第2話キャラメイクとチュートリアル①


お兄様と静華に少し呆れられた顔で見送られ、自室に戻ります。

お兄様に先ほどセットしていただいたヘルメットみたいなものを被りベットに横になります。


「そういえばこのヘルメットみたいなものは、VRリンクギアと言うらしいですね……」


ヘルメットみたいなものと言ったら、お兄様に苦笑いの表情と共に訂正された事を思いだし、羞恥に少し頬を染めながらVRリンクギアの電源を入れます。


「♪~VRリンクギアのご利用ありがとうございます。」

「セットアップを始めますので、仰向けに寝転ぶか椅子に座り暫くお待ちください……」


「確認しました。身体スキャンを行いますので暫くお待ちください……」


「身体スキャン完了致しました。本体に差し込まれているソフトを読み込みます暫くお待ちください……」


「読み込み完了致しました。ソフトを起動します……」


ソフトが起動されると、ユーディストオンラインのタイトルが目の前に現れたと思うと、薄暗い部屋に切り替わり、そこには小さな女の子がいました。


「ようこそユーディストオンラインの世界へ! 」

「ゲームのチュートリアルを担当します、ナビゲーションAIの『ピア』だよ」

「お姉さんのお名前を教えてもらっても良いかな?」


「か、可愛いです……」


薄刃色の羽が生えた小学生ぐらいの女の子がニコニコとこちらを見上げる姿は大変可愛らしくて、思わず抱きしめてしまいました


「ご、ごめんなさい……可愛らしくて、つい抱きしめてしまいました……」


「いいですよ~♪」

「でも、初対面でいきなり抱きしめられたのは初めてなのでビックリしちゃいました~」


「改めてごめんなさい……えっと私の名前ですね」

「桜ノ宮 香織と申します。よろしくお願いします」


「あっ、お姉さん、それって本名だよね?」


「はいその通りですが……」


「え~っとね、このゲームでの名前でプレイヤーネームってのを教えて欲しいんだ~」


「プレイヤーネームでしょうか?」

「私、プレイヤーネーム?っといったものはありませんが……」


「じゃあ、お姉さんには今からこのゲームのプレイヤーネームを考えてほしいなぁ~」

「あっ1つだけ注意点があるよ。ゲームシステムの都合でカタカナでしか表記出来ないから、それだけは気をつけてね」


「カタカナの名前ですか……分かりました。

少し考えてみますのでちょっとだけお時間もらいますね」


プレイヤーネームですか……どうしましょうか

カタカナと言ってましたし、シンプルにカオリにしましょう!

あ、でもゲームをする前にお兄様から本名は極力避けて、私の好きな物などから決めた方が良いと言われてました……

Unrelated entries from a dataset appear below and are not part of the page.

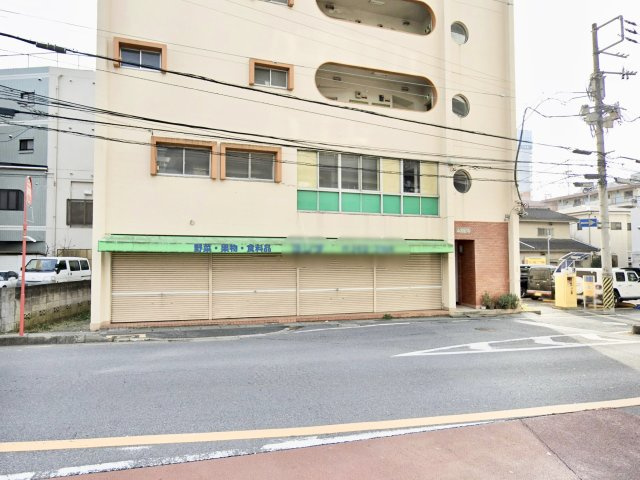 山六ビルの外観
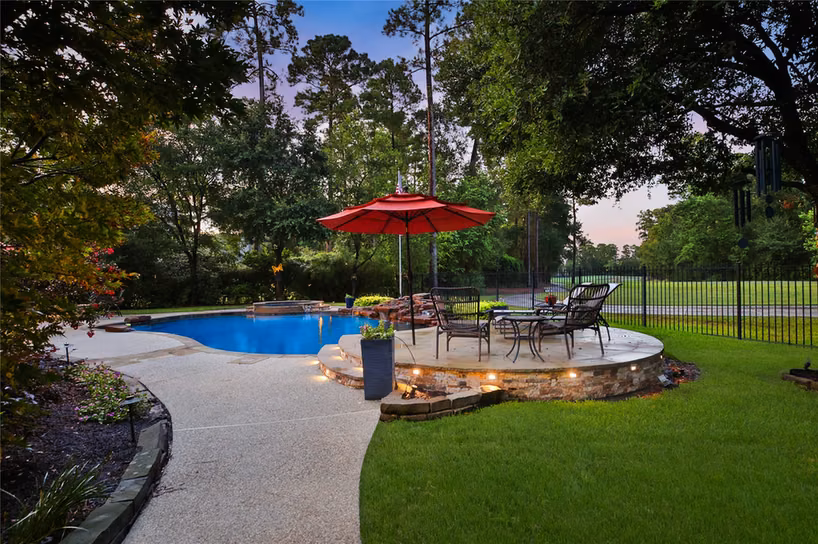 Photo 7 of 70 W Ambassador Bend, The Woodlands, TX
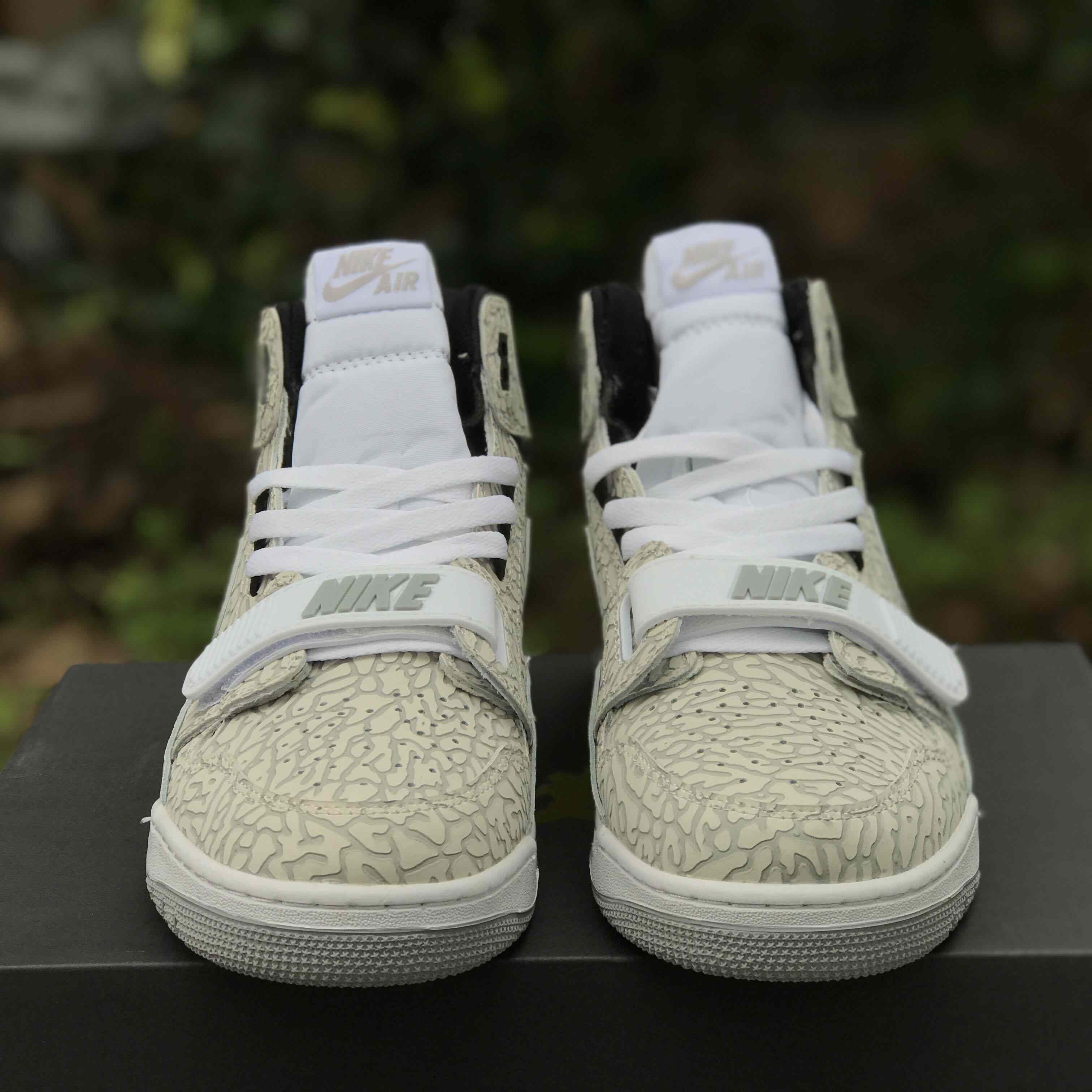 Air Jordan Legacy 312 Sneaker  AV3922-100 - PerfectKickZ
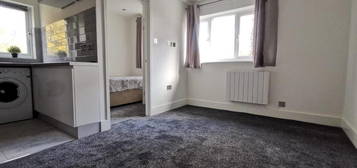 2 bedroom maisonette to rent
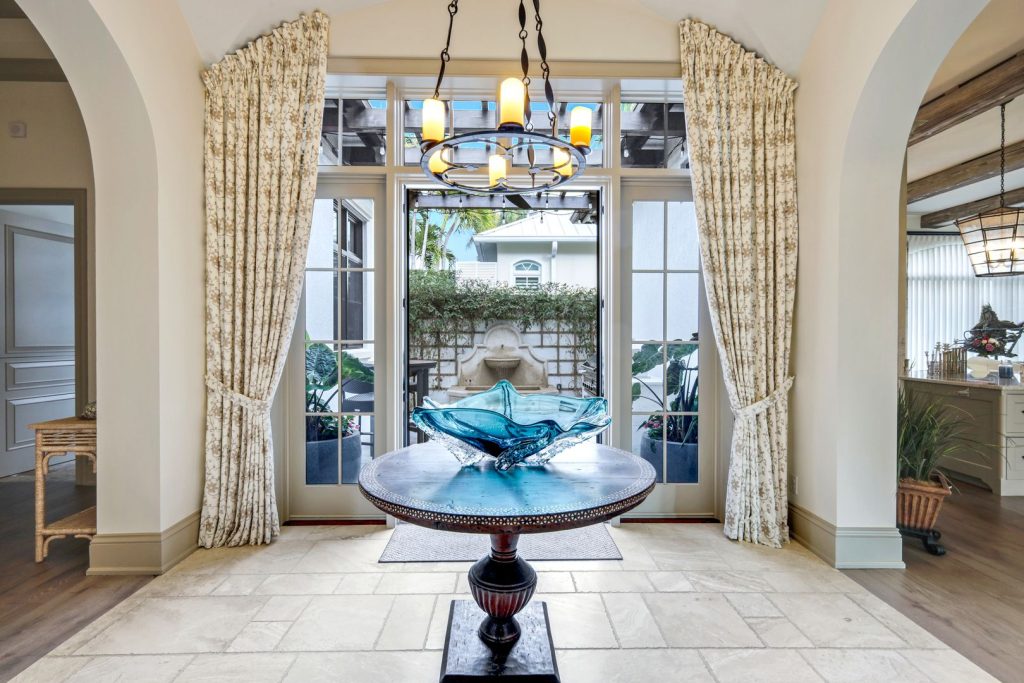 81 Gulf Shore Blvd S, Naples, FL 34102 (5)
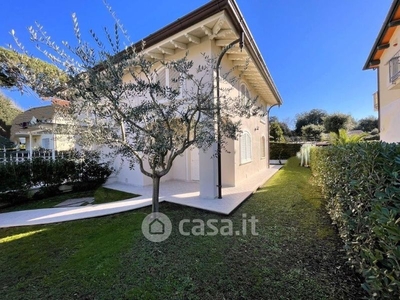 Villa in vendita Via Livorno , Pietrasanta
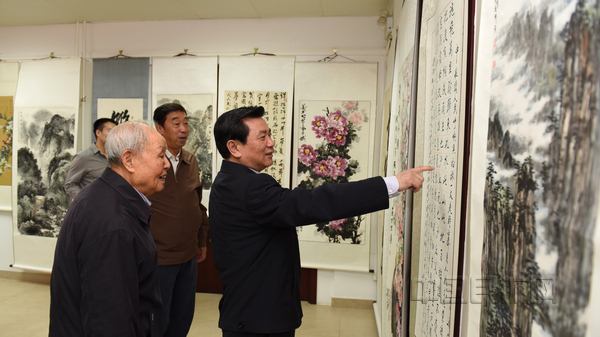 欢度重阳 民航局领导看望民航离退休老同志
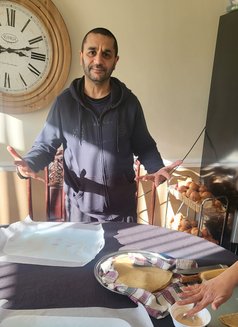 Cherry - Masajista in New Delhi Photo 2 of 2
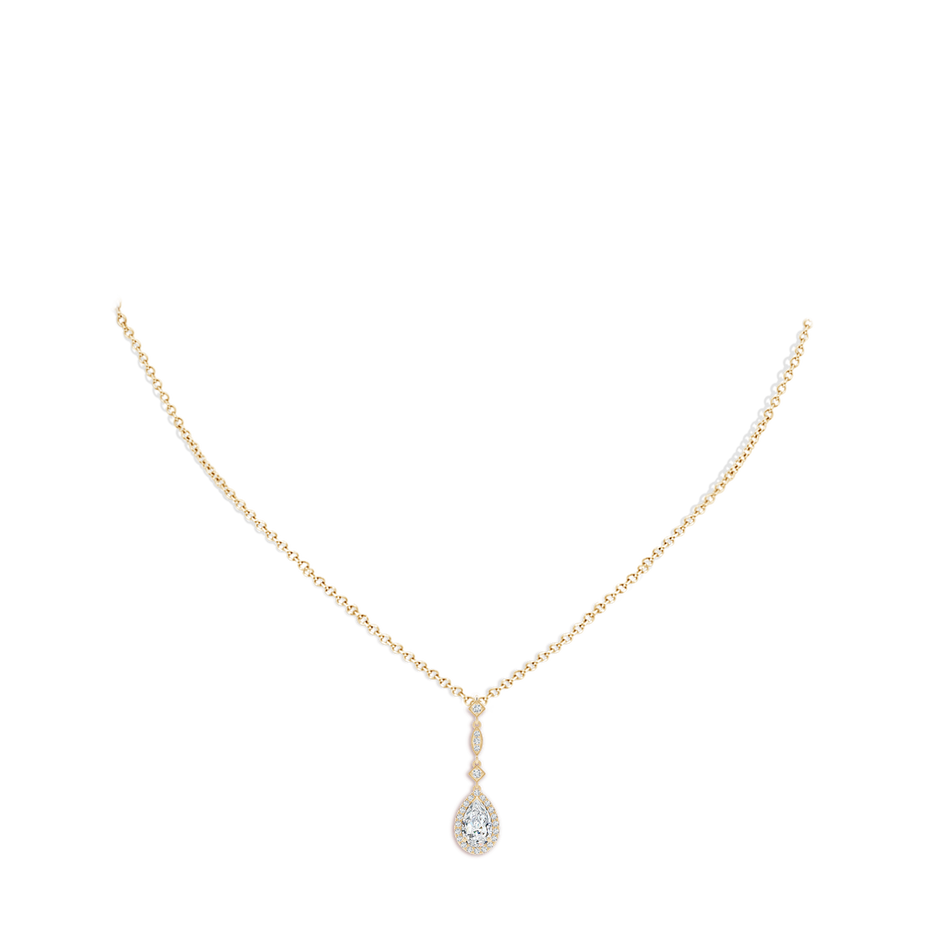 8x5mm FGVS Lab-Grown Diamond Teardrop Pendant with Diamond Accents in Yellow Gold pen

好きな物を考えてたら、ふと玄関に置いてあるフリージアの花の事を思いだしました


そうです! フリージアなんて良さそうですね

あっ、どうせならもう少し可愛くして『フェリシア』にしましょう!


「決まりました! 私のゲームでの名前はフェリシアにします」


「フェリシアですか~良い名前ですね♪」

「では次に自身のアバターを作ってもらいます」


ピアちゃんはそう言うと、円盤型の物のスイッチを入れました。すると私の姿が写し出されます。


「これが現実でのお姉さんで、この姿をもとに色々カスタマイズしていってね~」

「カスタマイズの内容は、髪の毛の色や肌の色は勿論、身長や体型とかも変更出来ちゃうよ~」

「ただし、元の姿と変えすぎると名前が黒くなっていくよ。

それと後で説明するけど、エパクトシステムの関係で、成長スピードが悪くなるのであまりオススメはできないかな……」


「名前の色でしょうか?」


「そうだよ。アバターの姿が現実世界と、ほとんど同じだと名前は白く、体型や輪郭など大幅に変えちゃうと、黒くなっていくんだ」


「髪の毛の色を変えたら名前は黒くなりますか?」


「髪の毛の色ぐらいだと、ほとんど白いままだね」


「なるほど……でしたら体型や身長は変えずに、髪の毛の色を銀色に変更してもらっても良いかな?」


「えっ!? お姉さん、今でもスゴく綺麗な金髪なのに変えちゃうんだ?」


「はい。昔から私のお世話をしてくれてる女性が、

綺麗な銀髪をしているので、お揃いにしたいと思います」


今の金髪も気に入っていますが、静華の銀髪には昔から憧れていたので、これを機にイメージチェンジです。


「お姉さんはその人の事が大好きなんだね~」


「大好きです。その人は静華って言うのですが、姉のように思ってますので」


私が少し照れながら言うと、ピアちゃんから眩しいものを見る眼差しを感じました……


「私には兄弟や姉妹がいないので、お姉さんの事が羨ましいな……」


「では、私がピアちゃんのお姉さんになりましょう!」


「私のお姉さんになってくれるの?」


「はい。こう見えて現実世界でもお姉さんやってますので、安心して妹になって下さいね」


「ふふ、ありがとうお姉さん。」


私は本気でピアちゃんを妹にするつもりでしたが、

ピアちゃんは冗談だと思ったらしく、この話は流されてしまいました……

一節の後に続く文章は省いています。